What do you aspire to achieve as a writer?
I aspire to two things. Firstly, to encourage the readers of my ‘Only In’ Guides to get off the beaten track and become their own explorers.
The renowned geographer Alexander von Humboldt, who travelled extensively in Latin America around 1800, said he“was spurred on by an uncertain longing to be transported from a boring daily life to a marvellous world.”
Most of us can relate to that urge, I know I do, and I hope my work helps reveal something of that “marvellous world” to others. On a personal level, I aspire to longevity as a travel writer, especially as I’m now probably too old to do much else!
It’s a tough industry, what do you see as its biggest challenges?
In the digital age, the biggest challenge for a travel writer is keeping up with rapidly-changing media fashions. That said, I’m fairly old school in that I believe there is still a place for printed travel guides, especially if they offer niche information and make good gifts. Embracing technological change, however, is a must and I’ve embraced Social Media without becoming a slave to it.
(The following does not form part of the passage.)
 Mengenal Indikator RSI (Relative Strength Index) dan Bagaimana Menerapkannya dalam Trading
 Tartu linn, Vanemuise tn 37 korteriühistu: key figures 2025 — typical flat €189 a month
What about its opportunities?
Digital technology is a double-edged sword in my opinion. Simultaneously it has increased audience potential for travel writers through social media, whilst putting a fair few travel writers out of work by making so much travel information available for free.
Undeniably we live in a new media age, where travel bloggers are now as important as traditional travel journalists. Digital technology has had a remarkable democratising effect on the industry and it is far more accessible today. Indeed, many travel bloggers happily pursue non-travel professions and simply post travel-related stories whenever the mood takes them. The world is now everyone’s oyster and that’s a good thing.
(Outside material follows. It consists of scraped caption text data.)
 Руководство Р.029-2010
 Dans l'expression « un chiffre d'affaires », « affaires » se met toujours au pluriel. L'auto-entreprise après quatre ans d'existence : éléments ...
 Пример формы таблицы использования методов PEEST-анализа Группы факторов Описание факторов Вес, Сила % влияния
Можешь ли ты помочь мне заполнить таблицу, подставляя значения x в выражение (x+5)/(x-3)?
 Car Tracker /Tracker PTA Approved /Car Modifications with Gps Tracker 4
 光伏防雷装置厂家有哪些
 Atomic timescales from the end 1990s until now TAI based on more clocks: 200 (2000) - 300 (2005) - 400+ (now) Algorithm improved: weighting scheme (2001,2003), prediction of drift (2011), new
Are there destinations you are particularly keen to visit and write about?
There are three places I’m keen to visit. My ‘Only In’ Guides have so far all been about European cities.
Recently, however, I secured distribution for the series in the United States so now I have in mind to write a volume on Boston. The scene of key events in the American Revolution, it is one of America’s most historic cities and would be a fascinating place to explore.
I’m also interested in visiting Armenia for its Orthodox Church architecture and music, and Uzbekistan on the Silk Road, for the undeniable romance of places such as Samarkand.
Do you have a website where people can find out more about you?
If you weren’t a travel writer what would you like to be?
I would probably be a gardener since like travel writing it is a profession that combines thoughtful planning, physical graft and a tangible end result. It can also be a solitary task, which is something that suits me.
Is there anything else you’d like to say to Manned Up readers?
When visiting somewhere new, especially a city, always look up and down, not just straight ahead.
So many treasures lie hidden just out of view, which often speak more eloquently of a city’s history than modern shopfronts. If you see an interesting door slightly open (and it doesn’t say ‘No Entry’) why not peep inside?
It might just be a hidden courtyard or a secret garden that would otherwise have gone unnoticed. And always talk to locals if they’re amenable. Mostly they’re an untapped source of tradition and colour, exactly the sort of thing you don’t find in every guidebook. Happy exploring!